BAGAIMANA
ANDA MELIHAT HUKUM DI INDONESIA
HUKUM
kita bukan hanya sakit, melainkan sudah sakit jiwa. Kata-kata itu terlontar
dari mulut teman saya yang kesal melihat hukum kita. Betapa tidak, seorang
anak yang melempar seekor burung dan mengenai kandang ayam seorang pengusaha
di Sulawesi Selatan harus berurusan dengan pengadilan.
Lagi-lagi,
masih di Sulawesi Selatan, seorang anak di bawah umur yang kedapatan membawa
besi rongsokan dilaporkan pemilik ke pengadilan dan akhirnya diadili di
pengadilan setempat. Padahal, nenek si bocah sudah meratap, menghiba memohon
si orang kaya pemilik besi rongsokan mencabut tuntutannya.
"Mudahnya
hukum kita menyeret orang tak berdaya (miskin) ke pengadilan. Sementara
anggota DPR, DPRD, yang jelas-jelas merampok uang rakyat, sulit sekali untuk
dibawa ke meja hijau," kata istri saya sedih.
Hukum
kita memang sakit jiwa ketika serentetan peristiwa remeh-temeh menjadi berita
besar, karena hakim dan jaksa bagai kerbau dicocok hidung oleh kaum borjuis
(kaya). Hati nurani mereka hilang di hadapan rupiah.
Kita
jangan lagi bicara Prita, yang harus merasakan dinginnya jeruji besi karena
keangkuhan manajemen Rumah Sakit Internasional Omni. Kita jangan lagi melihat
Nenek Minah yang harus menjalani persidangan karena emapt buah kakao seharga
Rp2.500. Dan kita jangan lagi membahas AAL, yang harus divonis bersalah
karena sendal butut polisi kita yang semakin sombong.
Saat
ini di Bandar Lampung sendiri, hakim kita tampaknya sudah keblinger oleh
profesi yang dijalani.

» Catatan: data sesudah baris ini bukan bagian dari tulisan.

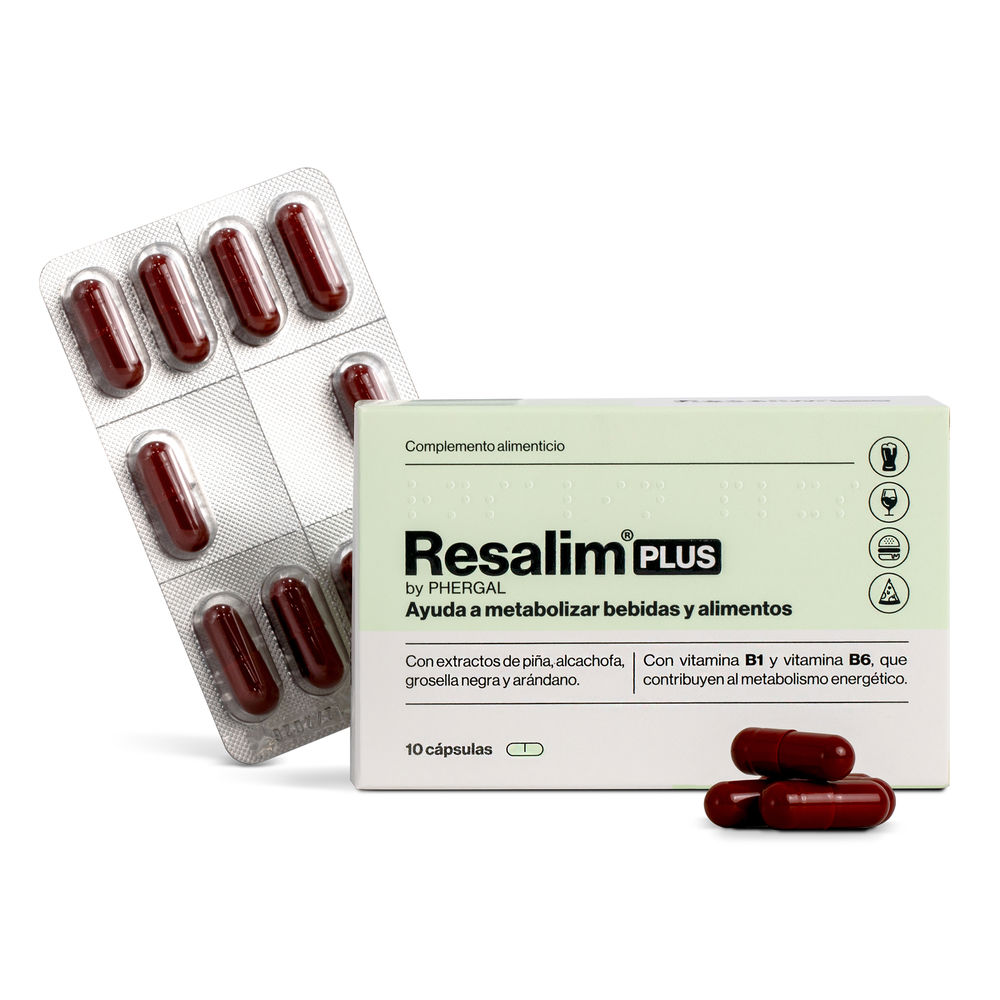 RESALIM PLUS food supplement metabolizer for drinks and food, 10 capsules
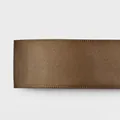 1.5cm high-density brown polyester satin ribbon for premium gift packaging and DIY crafts - 8052# Single Sided Satin / 1.5cm Wide * 100 Yards/Roll / Camel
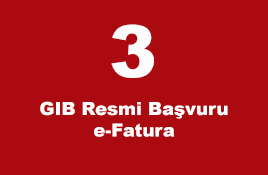 3- GIB Resmi Başvuru – e-Fatura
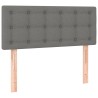  Sommier à lattes de lit avec matelas Gris foncé 90x200 cm Tissu alsavelo 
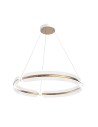 Italux Faris Pendant LED 53W 3600 lm 3000K (Warm White) Gold, White PND-62738-53W-3K-GD
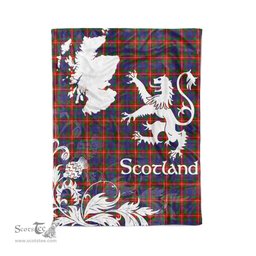 Tartan Plaid Fleece Blanket Tartan Blanket Thistle and Lion Scottish Clan Fraser of Lovat Plaid Blanket, tartan blanket, plaid blanket, red plaid blanket, buffalo plaid blanket, green plaid blanket, plaid fleece blanket, blue plaid blanket, red tartan blanket, tartan plaid blanket, black and white plaid blanket, christmas plaid blanket, orange plaid blanket, tartan plaid throw blanket, pink plaid blanket, brown plaid blanket, buffalo check blanket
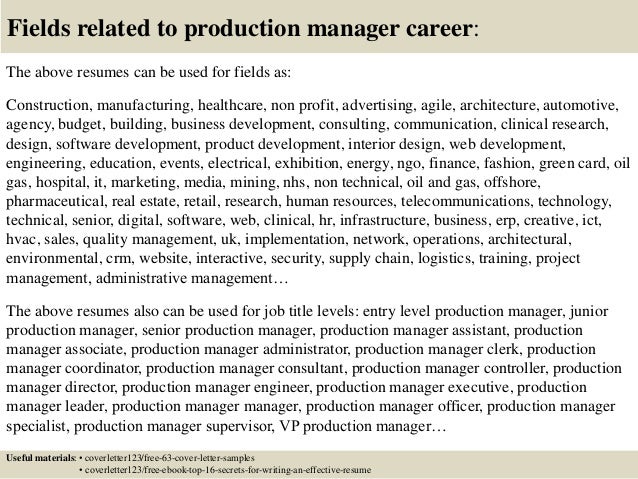 automotive manufacturing manager resume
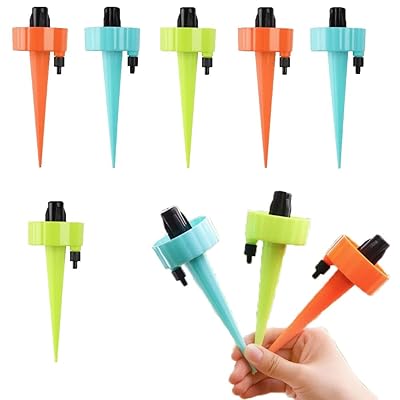 自動給水器 6個入り（赤/青/緑） 自動散水 濾過された水 点滴散水 時限散水 コントロール散水 自動水や..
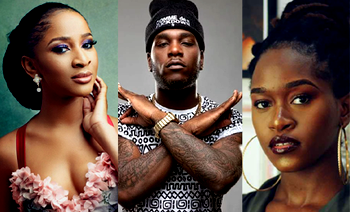 Burna Boy, Adesua Etomi, Maraji, others make 2018 The Future Awards nominee list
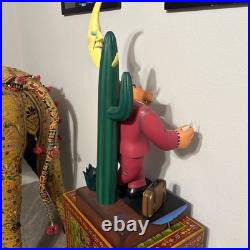 Markus Pierson 1990 Vintage Wood Sculpture'On the Road to Her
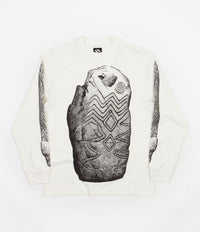 The Trilogy Tapes Welsh Megalith Long Sleeve T-Shirt - White thumbnail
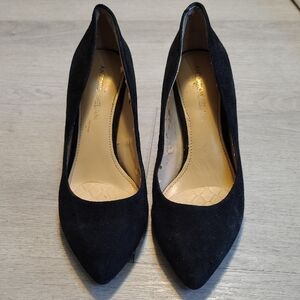 Antonio Melani‎ Black Suede Pointed Toe Stiletto Heel Pumps Women's Shoes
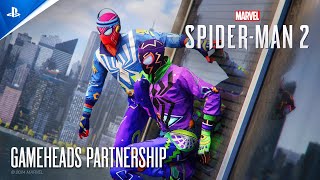 Marvel’s SpiderMan 2  Gameheads Partnership I PS5 Games [upl. by Aienahs]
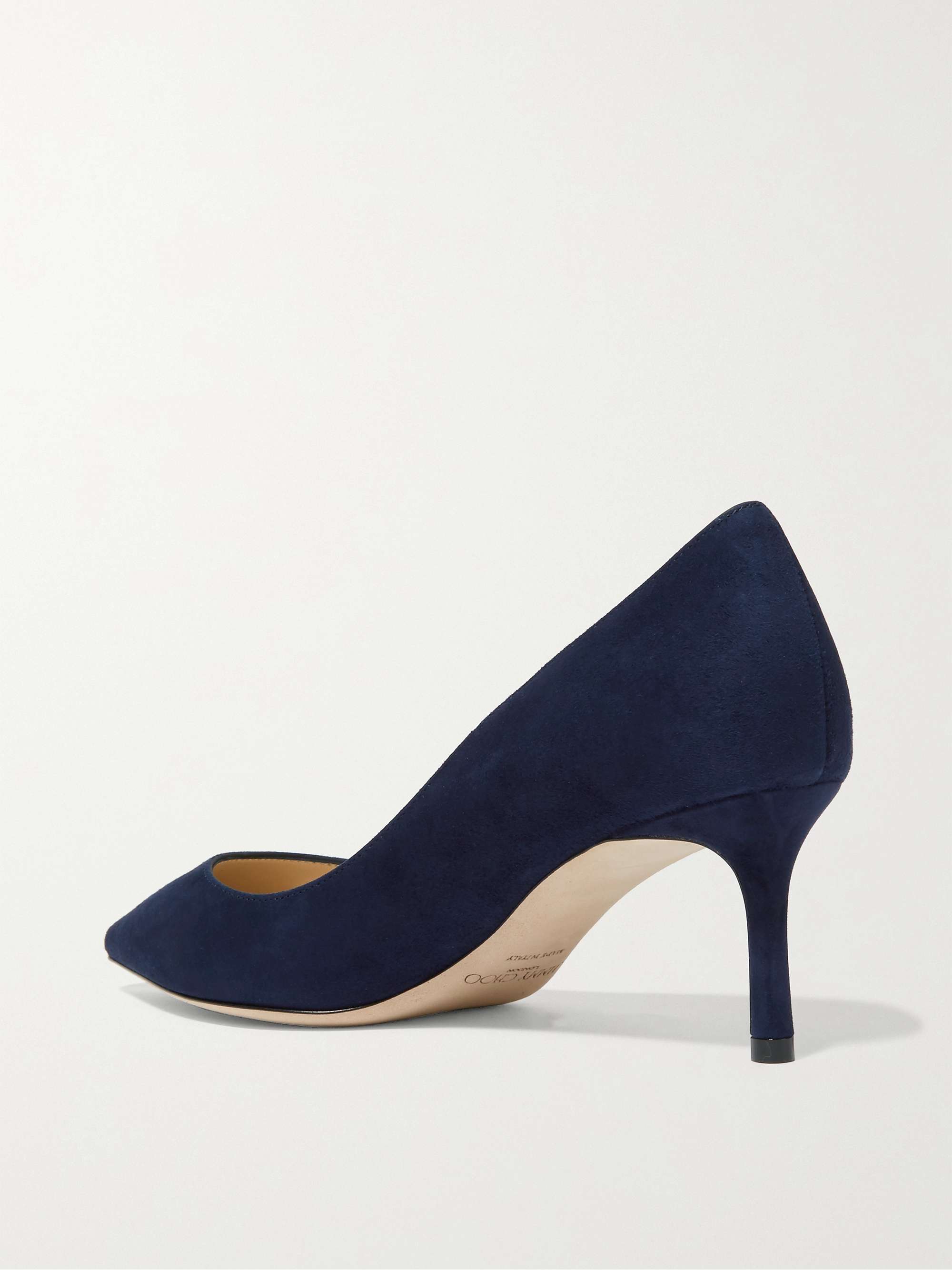 JIMMY CHOO Romy 60 suede pumps | NET-A-PORTER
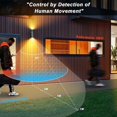 thumbnail image 2 of Outdoor Wall Lights Outdoor PIR Motion Sensor Up Down Wall Light IP44 Security Lights Matte Black 240V - Incl. 2X 5W Warm White LED Bulbs, 2 of 5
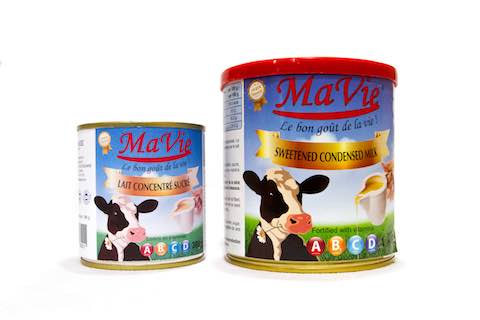 Lait concentré MaVie par OTIS Afrifoods S.A.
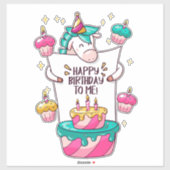 verjaardagsverjaardag voor mij sticker (Vel)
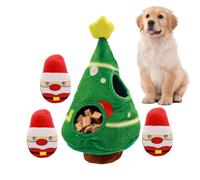 Interactive Dog Toy Boredom Plush Slow Feeder Mental Stimulation Use | Squeaky Plush Body Supports Run and Search Instincts while Soft Fabric Gives a Gentle Bite Area Daily Home Use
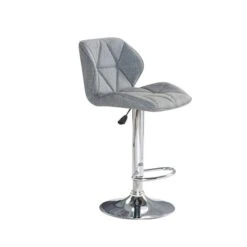 TAKE ME HOME Ross Stylish Grey Upholstered Barstools With Stainless Steel Frame - Set Of 2 6 TAKE ME HOME Ross Stylish Grey Upholstered Barstools With Stainless Steel Frame - Set Of 2 -Safavieh Shop 332003782 MainImage 001 l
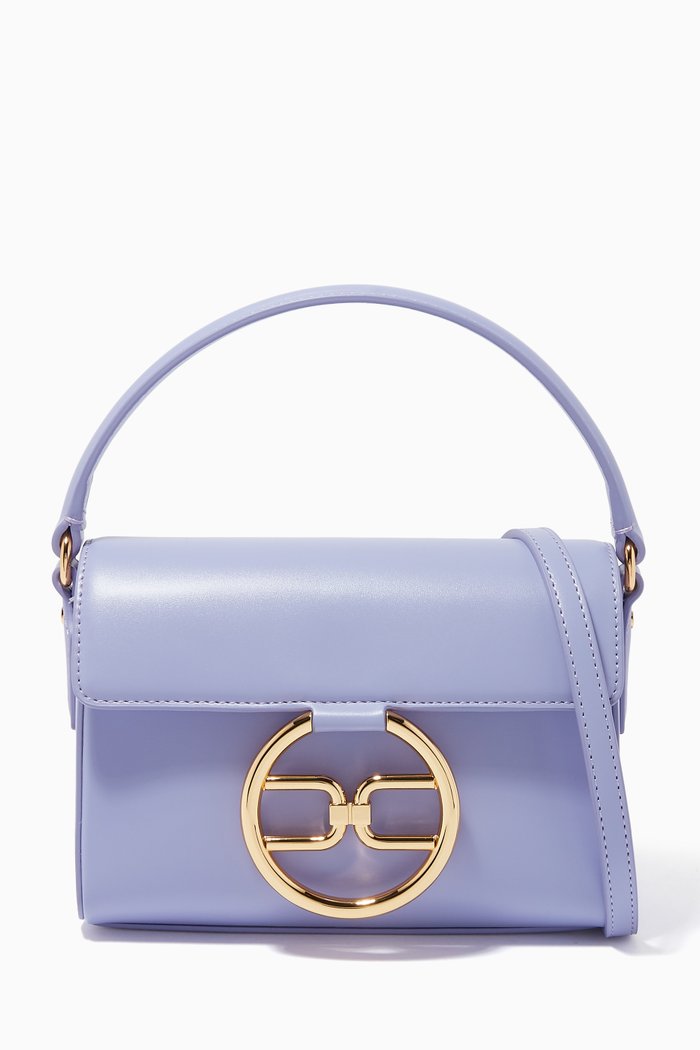 

Micro Bag in Faux Leather, Purple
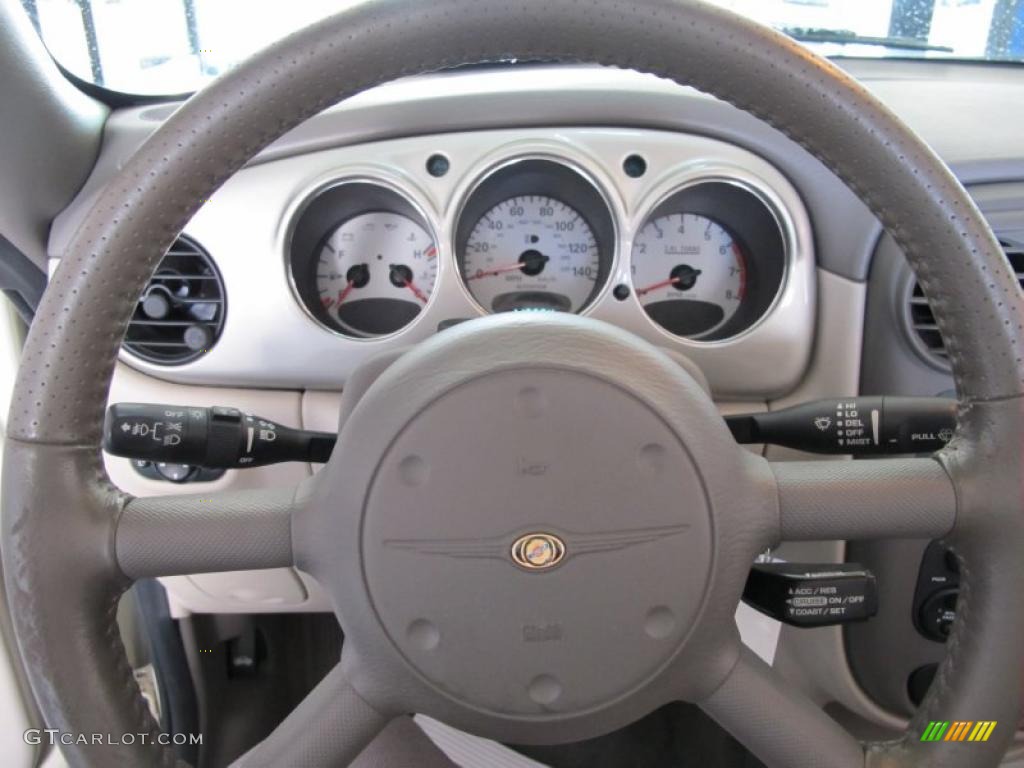 2005 PT Cruiser GT Convertible - Cool Vanilla White / Taupe/Pearl Beige photo #15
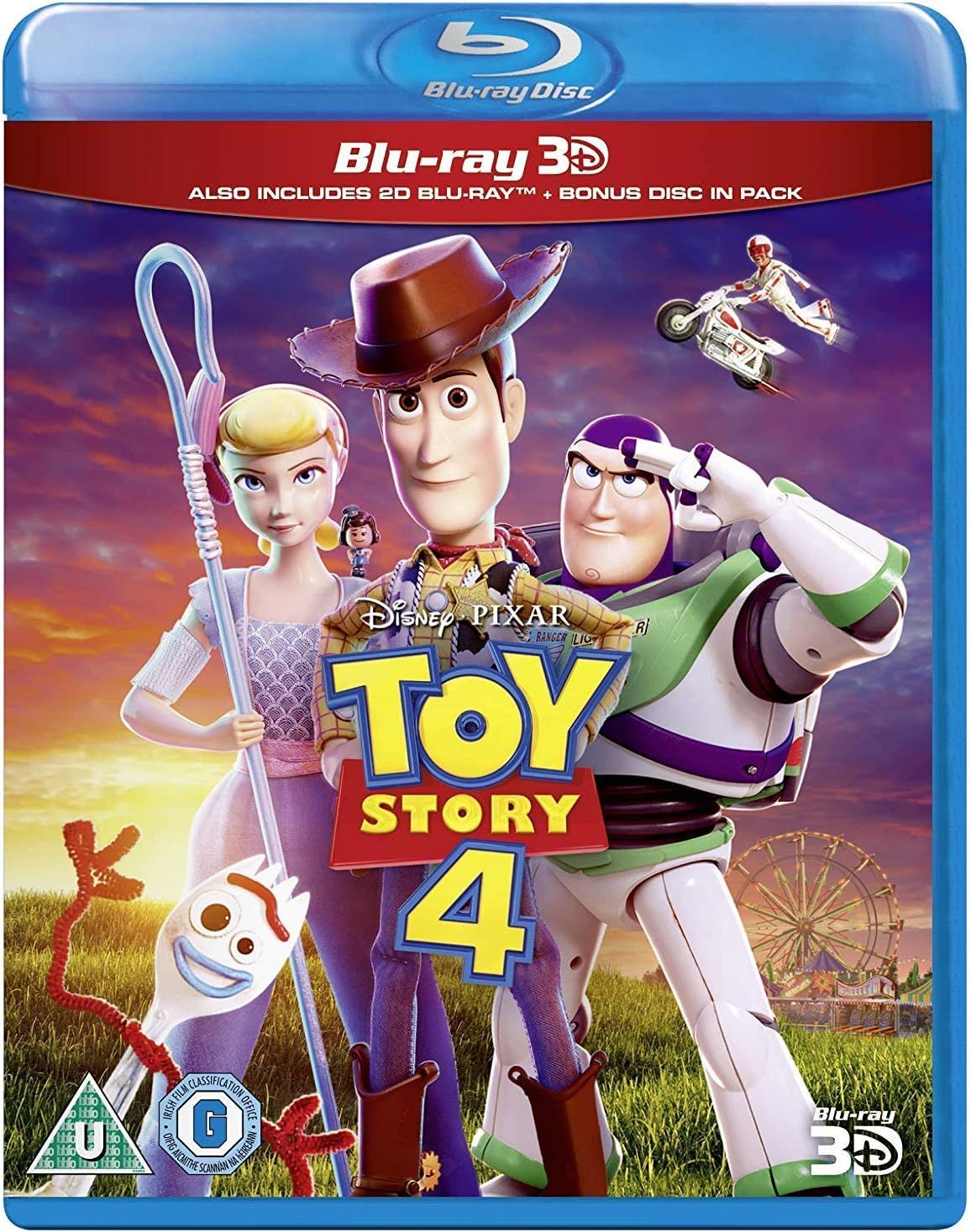 Toy Story 4 [2019] Blu-ray 3D + Blu-ray [Region Free]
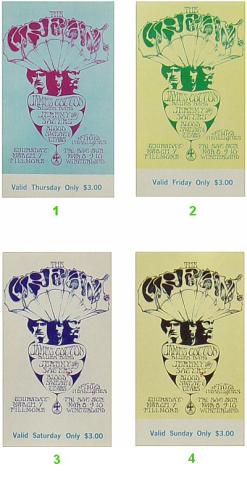 Cream Vintage Ticket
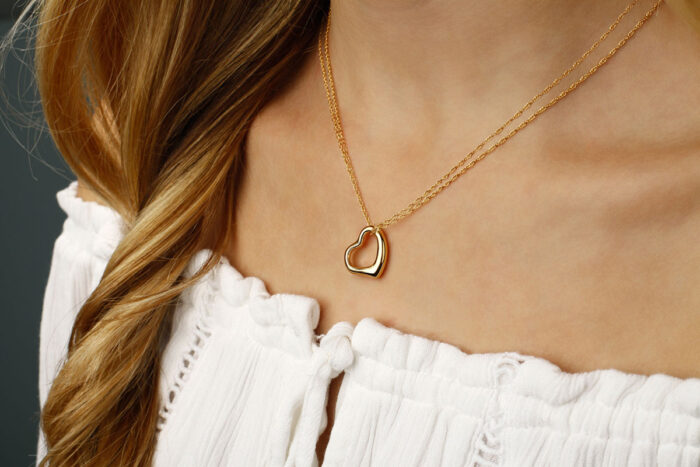 Open Heart Necklace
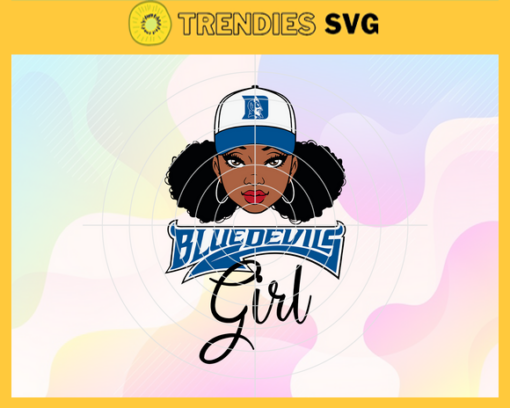 Bluedevil Black Girl Svg Duke Bluedevil Svg Bluedevil Svg Bluedevil Logo svg Bluedevil Girl Svg NCAA Girl Svg Design 1222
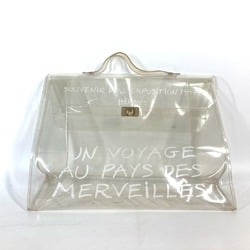 HERMES Hermes Vinyl Kelly Tote Bag Handbag Women's Clear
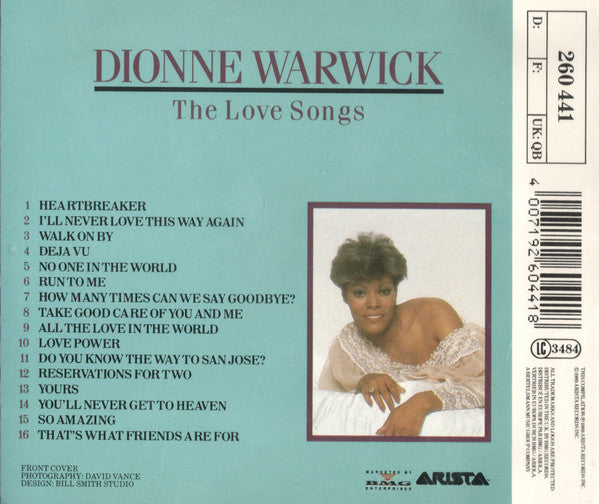 Dionne Warwick : The Love Songs (CD, Comp)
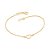 Pulseira Rommanel Com Pingente de Coração Vazado 19cm 551674 - Imagem 1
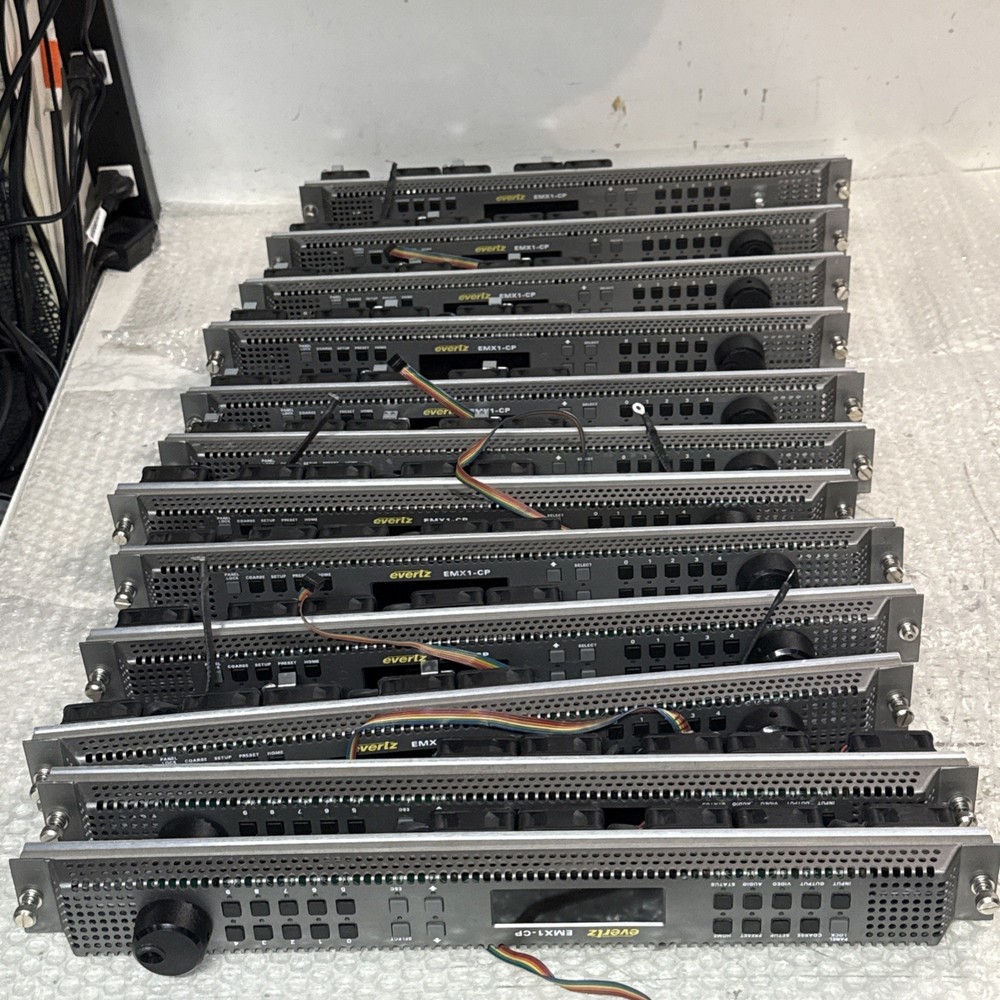 Evertz EMX1-CP control panel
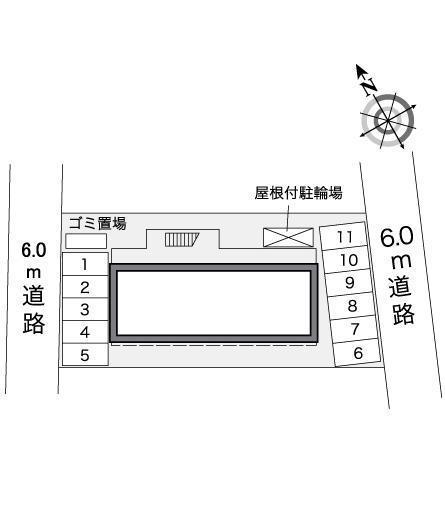 サンライズ(25370)の駐車配置図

Di mana, wartawan yang menuliskan berita di
komunikator dilarang. Ulah jadul hakim yang meminta wartawan harus menulis
pakai pena, semakin menunjukkan kampungannya hukum kita. Zaman sudah canggih
masih mengharuskan orang bekerja secara primitif.
Ironis
lagi, wartawan yang memakai jaket saat meliput sidang akan dikenakan pidana.
Sebuah kegiatan nyeleneh dari aparat peradilan yang semakin kaku
dengan dunia jurnalistik. "Padahal, mereka (hakim, jaksa, pejabat,
koruptor), dapat terkenal karena wartawan," kata teman menimpali.